- Born: Andre Robin Klassnik 28 January 1947 (age 79) Johannesburg, Union of South Africa
- Citizenship: British (from 1963)
- Education: Hornsey College of Art, 1965; Leicester College of Art, 1968;
- Occupations: Artist; gallerist; educator;
- Organisation: Matt's Gallery
- Spouse: Kathryn Halton ​(m. 1979)​
- Awards: OBE, 2014

= Robin Klassnik =

Andre Robin Klassnik (born 28 January 1947) is a South African-born British artist, gallerist and educator, known for founding Matt's Gallery.

==Early life and education==
Klassnik was born Andre Robin Klassnik on 28 January 1947 in Johannesburg, Union of South Africa (present-day South Africa) to an exiled Lithuanian-Jewish family. Settling in London in 1960, Klassnik later studied at the Hornsey College of Art from 1963 to 1965. During 1965 to 1968, Klassnik studied at Leicester College of Art.

==Career==

Following graduation Klassnik returned to London where he took up a Space studio at St Katharine Docks.
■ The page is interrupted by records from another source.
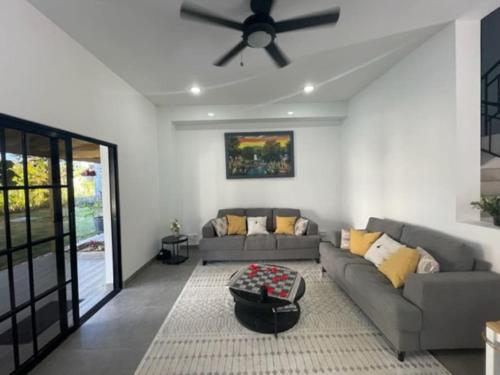 מתקני המלון, Villas Elim A and B in קבררה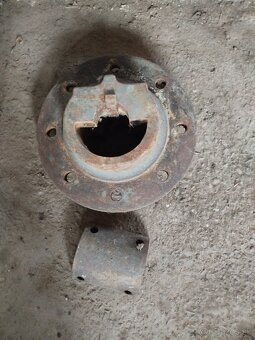 Zadný náboj Zetor 25 - 2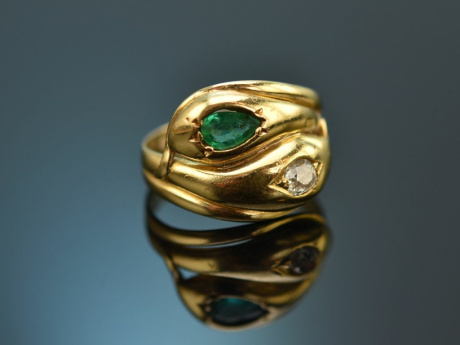 England around 1900! Snake ring with emerald and old-european-cut diamond in 750 gold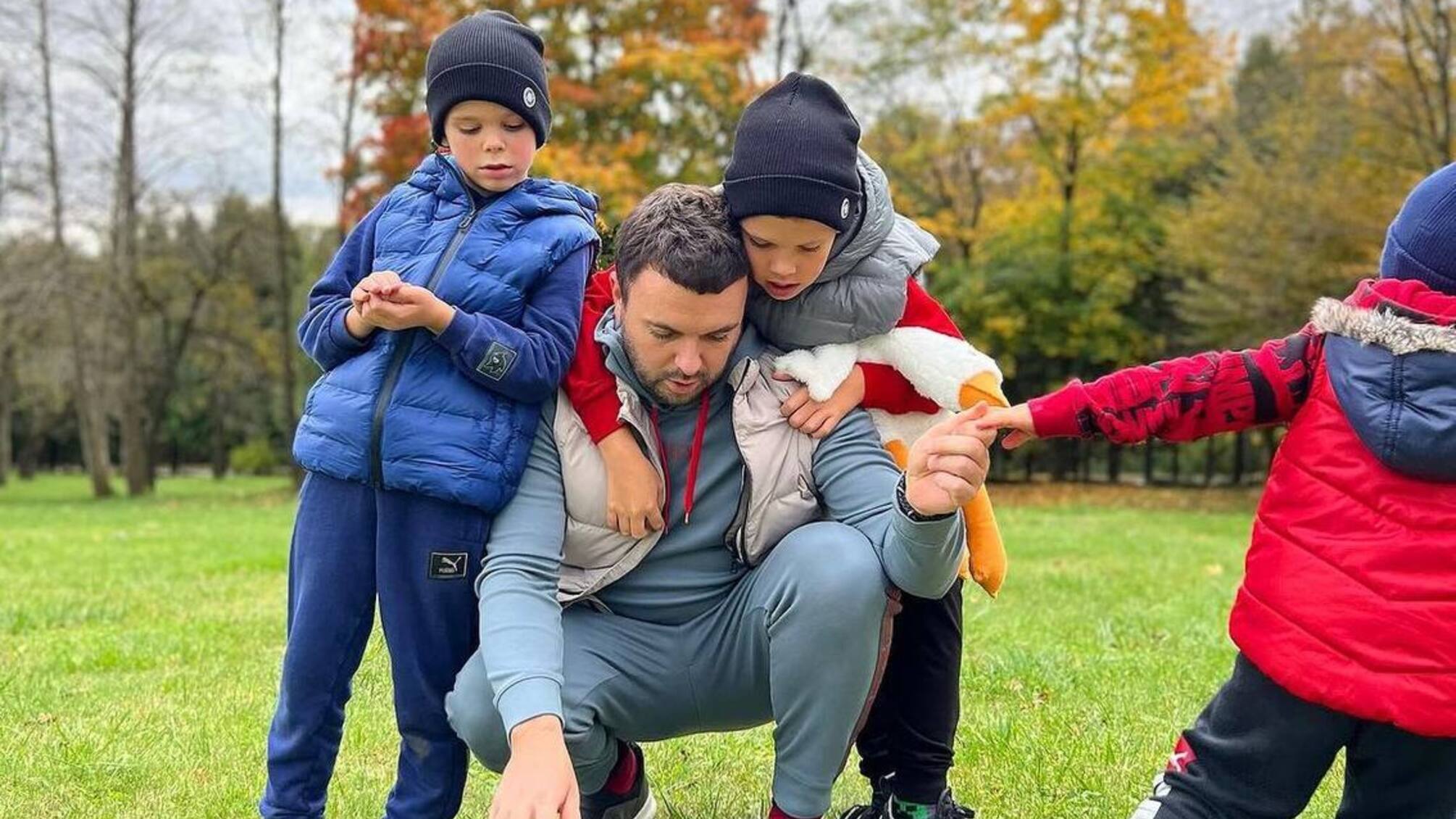 Григорій Решетнік з дітьми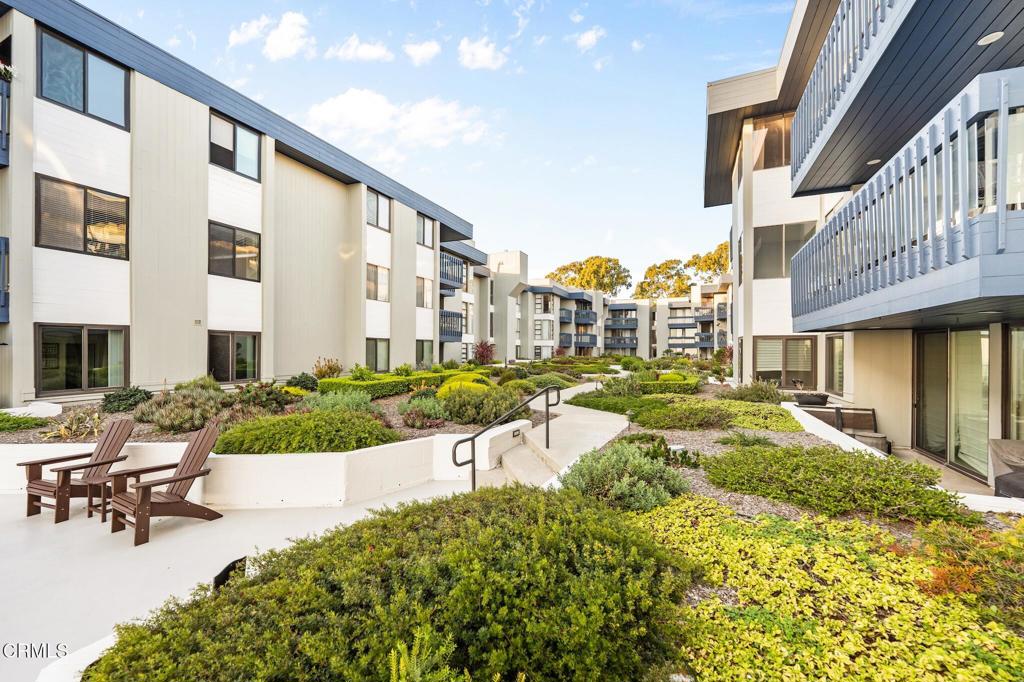 MLS #V1-33619 image #44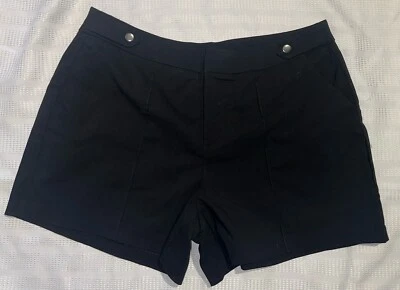 Maurices Ladies Shorts Size XL Blk Front Pockets Zip Up & Hooks Front EUC Bin C9 - Image 1 of 4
During this time, Klassnik’s practice moved from painting to sculpture, 8mm film and photography. Klassnik’s work has been exhibited nationally and internationally at venues including the ICA, Whitechapel Art Gallery, and the Paris Biennale. Notable projects of Klassnik’s include his collaboration Five Pheromones: The Incomplete Documentation with Forensic Psychiatrist Dr. Tom Clark.

In 1971, Klassnik moved studios to Martello Street, London Fields, where he opened Matt's Gallery, in 1979. Now located at Webster Road, Matt's Gallery has been described as ‘the most heroic art space in London’ and 'a little utopia'. The gallery represents twenty five artists, including Susan Hiller; Imogen Stidworthy, Nathaniel Mellors, Willie Doherty and Mike Nelson.

===Teaching===
Klassnik has taught at a variety of institutions throughout his career including at the London College of Printing; Goldsmiths; Camberwell College of Arts; Chelsea College of Arts; the Royal College of Art; Slade School of Fine Art; University of Brighton; Northumbria University; University of Reading; Newcastle University; Ruskin School of Drawing and Fine Art; Valands Konsthogskola, Sweden; and Statens Kunstakademi, Oslo. He was also a visiting professor at Central Saint Martins School of Art and Head of Complementary Studies at Byam Shaw School of Art.

==Awards==
In 1986, Klassnik was commended by the Turner Prize for his contributions to contemporary art. In 1994, Klassnik was shortlisted for the Prudential/Arts Council Award for an individual contribution to innovation and creativity in the arts. In 2014, Klassnik was awarded an OBE for services to the visual arts.

==Personal life==
Klassnik obtained British citizen in 1963. In 1979, Klassnik married Kathryn Halton.